As for how to move forward, if I were one of the Rust maintainers, I would just merge the patch (which does not touch code formally maintained by the dissenter). Either Linus takes the pull, and whatever Christoph says is irrelevant, or he doesn’t, and R4L dies. Everything else is a waste of everyone’s time and energy.
Edit: Sent in my 2 cents: https://lore.kernel.org/rust-for-linux/[email protected]/T/#m1944b6d485070970e359bbc7baa71b04c86a30af
I understand you’re emotional and frustrated (as are other parties), but your framing here is disingenuous. No one is ‘openly admitting to attempting to sabotage the entire Rust for Linux project’. You are encountering one of the known challenges of the project, and arguments against a cross-language codebase have merit. Existing maintainers have every right to push back where they see fit, as you have every right to advocate.
I’d be more sympathetic, but attempting to weaponize the CoC here really reflects poorly on you. You should focus on solving the problem, you might not succeed, but trying to drum up an army rather than doing the work casts you unfavorably IMO.
I broadly agree.
However, “Existing maintainers have every right to push back where they see fit” is tenuous when the Linux project as a whole has already (exhaustively) discussed and debated this exact question alongside all the other questions about adding Rust, and the explicit declared direction is that Rust should become an increasingly large part of the Linux kernel.
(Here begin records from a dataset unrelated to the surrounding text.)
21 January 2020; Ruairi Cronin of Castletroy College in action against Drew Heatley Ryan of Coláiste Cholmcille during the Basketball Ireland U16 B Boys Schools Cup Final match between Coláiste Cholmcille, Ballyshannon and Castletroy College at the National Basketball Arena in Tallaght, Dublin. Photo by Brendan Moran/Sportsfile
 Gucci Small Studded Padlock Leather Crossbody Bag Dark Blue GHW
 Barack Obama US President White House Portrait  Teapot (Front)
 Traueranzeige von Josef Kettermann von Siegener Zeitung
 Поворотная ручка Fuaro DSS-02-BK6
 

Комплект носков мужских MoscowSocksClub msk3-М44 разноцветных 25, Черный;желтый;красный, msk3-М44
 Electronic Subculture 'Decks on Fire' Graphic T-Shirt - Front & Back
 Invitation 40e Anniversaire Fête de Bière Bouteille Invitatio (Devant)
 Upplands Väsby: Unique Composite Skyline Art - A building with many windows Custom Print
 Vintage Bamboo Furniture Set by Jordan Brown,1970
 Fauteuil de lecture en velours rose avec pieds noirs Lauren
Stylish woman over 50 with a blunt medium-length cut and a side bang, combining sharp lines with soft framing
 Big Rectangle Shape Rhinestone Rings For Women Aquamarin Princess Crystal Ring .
the explicit declared direction is that Rust should become an increasingly large part of the Linux kernel.
Who explicitly declared this? Where?
Switching to a more modern topic, the introduction of the Rust language into Linux, Torvalds is disappointed that its adoption isn’t going faster. “I was expecting updates to be faster, but part of the problem is that old-time kernel developers are used to C and don’t know Rust. They’re not exactly excited about having to learn a new language that is, in some respects, very different. So there’s been some pushback on Rust.”
I have seen that interview. Neither the excerpt you quoted nor the rest of the interview is what [email protected] claimed.
Let me guess, you get your Linux kernel development news from youtube?
Well said.
The OP is not marcan, at least as far as I know.
Agreed.
To be fair, though, OP’s username does say that he is a twelve-year-old. :)
I never get involved in drama
After reading the lkml, it really does seem like the C dev just being hostile to Rust. The C dev just outright refuses to accept any of the compromises from the Rust dev, and is pretty rude about it.
Idk why, but some of these people need to hear that languages are not a team sport and fighting and being hostile to people about it just makes the Linux kernel worse.
Childish behavior all around, by the looks of it.
You can tell which engineers don’t work face to face in an office with a team of other engineers, because they end up sounding like this in text.